Transcribe all of the entries below exactly. Leave out the pictures.
** Opening Supplied data block **
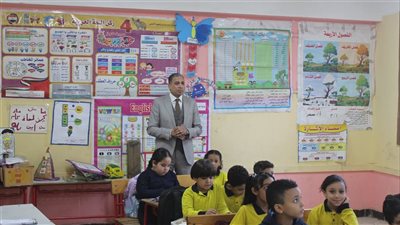 مدير تعليم الجيزة يجري جولة مفاجئة بالمدارس للتأكد من الانضباط ومستوى القراءة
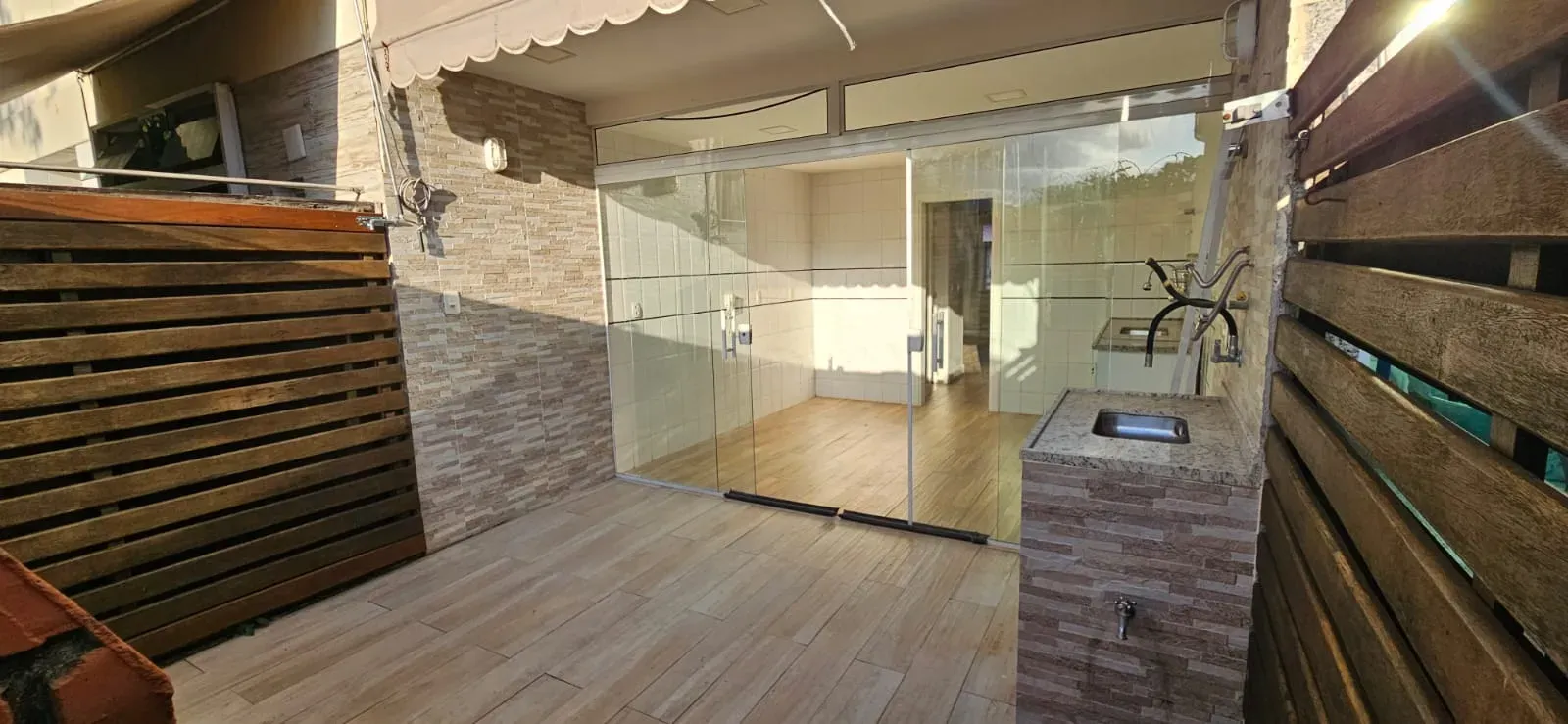 4-bedroom apartment with a mountain view — photo 11
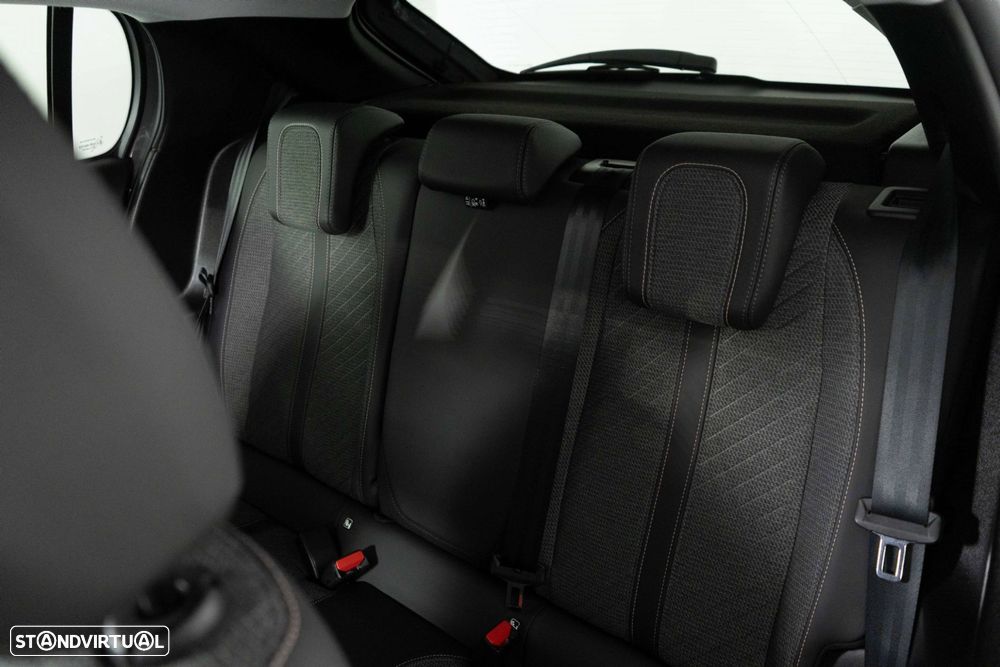 Peugeot 208 1.2 PureTech Allure Pack - 11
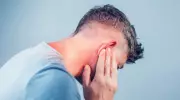 Kulak Enfeksiyonu Kapmış Olabilirsiniz! Bu Belirtiler Varsa Hemen Doktora Gidin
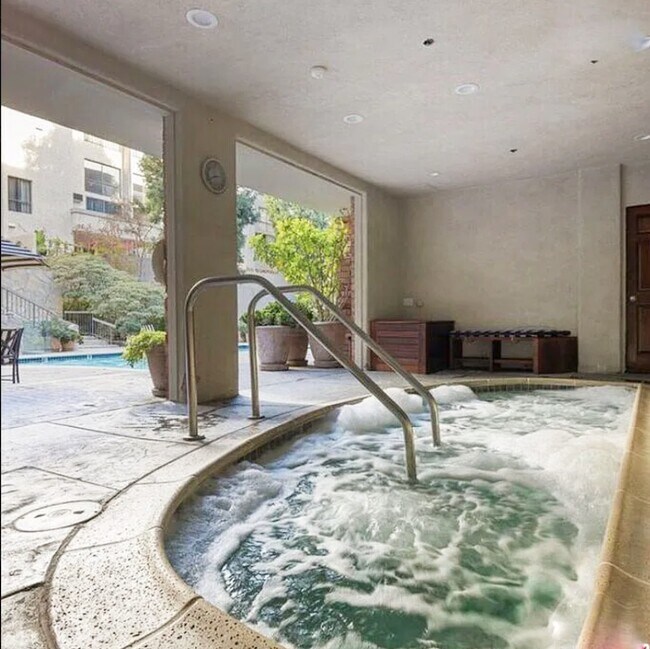 Building Photo - 1440 Veteran Ave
** Closing Supplied data block **
**Answer to the problem**.
 مدير تعليم الجيزة يجري جولة مفاجئة بالمدارس للتأكد من الانضباط ومستوى القراءة
 4-bedroom apartment with a mountain view — photo 11
 Peugeot 208 1.2 PureTech Allure Pack - 11
 Kulak Enfeksiyonu Kapmış Olabilirsiniz! Bu Belirtiler Varsa Hemen Doktora Gidin
 Building Photo - 1440 Veteran Ave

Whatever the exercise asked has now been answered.